Russian Culture and Me (II)

Armando Chaguaceda

Cosmonauts

Cold winds blew at the end of 1989, a particularly biting spell for Havana.  The sensation of loneliness gripped us all…a sensation that would last —in the sense of its newness and depth— for at least three more years.

With apparent speed, one by one the governments of Eastern Europe fell, sending Cubans into shock after their having read cheery news items only days before from a press seeking to hide the unavoidable “collapse.”

The US invasion of Panama and its criminal bombing of the Chorrillo neighborhood, the forced ebb of guerrilla wars in Central America, the electoral defeat of the Sandinistas in Nicaragua, the cowardly flight of Mengistu from Ethiopia, and finally the bankrupt coup d’état against Mikhail Gorbachev and the negotiated end of the USSR, were episodes of a long tragicomedy.

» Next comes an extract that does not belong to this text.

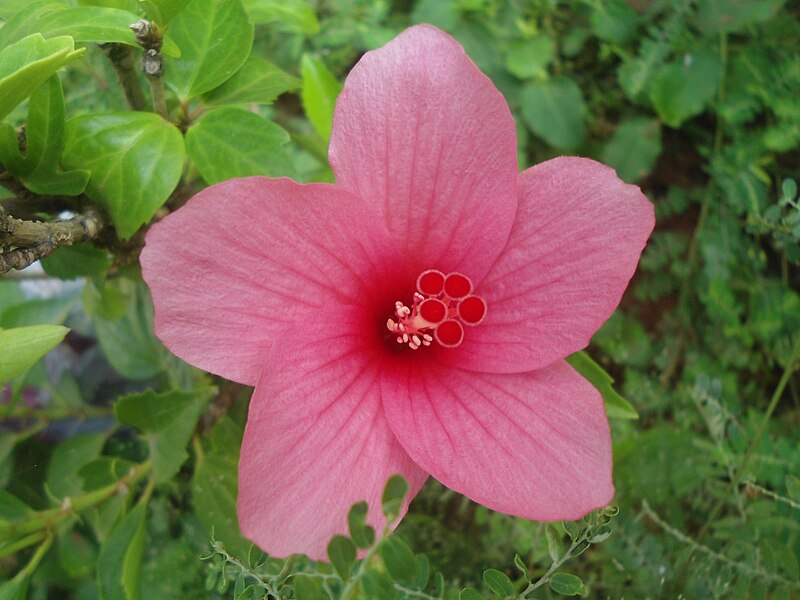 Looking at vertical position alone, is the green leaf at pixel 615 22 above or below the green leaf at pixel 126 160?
below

Here on the island we learned of the painful firing squad execution of national hero General Arnaldo Ochoa, accused of drug trafficking.  We were also in the grip of the endless “Special Period in a Time of Peace” – a name given to the most punishing socioeconomic crisis in our history as an independent republic.

As the few exceptions to those disastrous times, I remember the fiesta-marches championed by the former head of the Young Communist youth, Roberto Robaina; and the fleeting stimulus of the 1991 Pan-American Games in Havana, as well as my first love affairs of adolescence.

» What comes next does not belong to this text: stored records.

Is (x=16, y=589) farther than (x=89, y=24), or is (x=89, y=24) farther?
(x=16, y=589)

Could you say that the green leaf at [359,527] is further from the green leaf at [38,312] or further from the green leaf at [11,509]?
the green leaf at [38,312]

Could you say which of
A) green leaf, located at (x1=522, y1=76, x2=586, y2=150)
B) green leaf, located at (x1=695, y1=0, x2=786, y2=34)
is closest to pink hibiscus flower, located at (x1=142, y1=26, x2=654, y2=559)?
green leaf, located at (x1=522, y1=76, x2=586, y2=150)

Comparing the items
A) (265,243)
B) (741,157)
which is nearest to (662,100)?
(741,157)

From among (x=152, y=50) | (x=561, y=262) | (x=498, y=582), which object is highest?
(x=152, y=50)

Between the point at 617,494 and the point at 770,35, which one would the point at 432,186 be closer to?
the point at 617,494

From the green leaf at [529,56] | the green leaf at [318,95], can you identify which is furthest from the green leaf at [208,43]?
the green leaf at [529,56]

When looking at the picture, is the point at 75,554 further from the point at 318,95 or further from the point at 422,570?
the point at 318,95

I also remember several things about the departure of the “bolos” (what we called anything or anyone from the Soviet Union). The wives of Soviet technical workers, who resided in our neighborhood of Alamar, adopted the business mentality of that time more quickly than anyone else.  Thanks to their privilege of making purchases from “diplo-stores,” they were able to buy canned goods and other products that started becoming scarce, which they sold to their Cuban friends – my mother included.

Their children, one of whom was my good friend Roman, were (once again) indoctrinated and seduced, but this time by status symbols and capitalist consumerism. They went away without even leaving us an address of where to send their left-behind kites or a chance to recall playing soldiers.

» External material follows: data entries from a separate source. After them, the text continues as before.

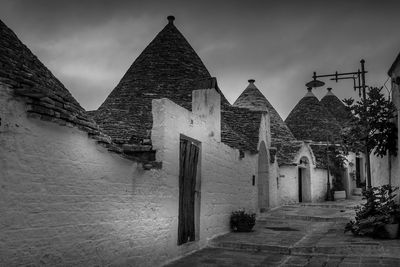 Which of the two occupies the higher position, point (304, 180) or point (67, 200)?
point (304, 180)

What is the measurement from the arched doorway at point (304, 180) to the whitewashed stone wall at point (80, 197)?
1295cm

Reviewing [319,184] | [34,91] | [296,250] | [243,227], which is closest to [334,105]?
[319,184]

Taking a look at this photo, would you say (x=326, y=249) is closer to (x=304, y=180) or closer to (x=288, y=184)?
(x=288, y=184)

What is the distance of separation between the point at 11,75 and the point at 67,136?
0.95 m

But, being a “weird” and restless 14-year-old, I would continue browsing through the Sputnik magazine to read about the history, culture and daily life of the “sister country.”  I remember one afternoon, when arriving at Mandarria Park in my native community of Regla, I found out at the magazine stand that they would no longer be selling that magazine (nor Novedades de Moscú), since “their revisionist propaganda contaminated the ideas of socialism defended by our people.”

Without knowing it, I almost lead my first freedom of speech protest, along with several hippies and trova musicians in the neighborhood, who —like me— were making offers to buy the last remaining issue from the confused salesperson.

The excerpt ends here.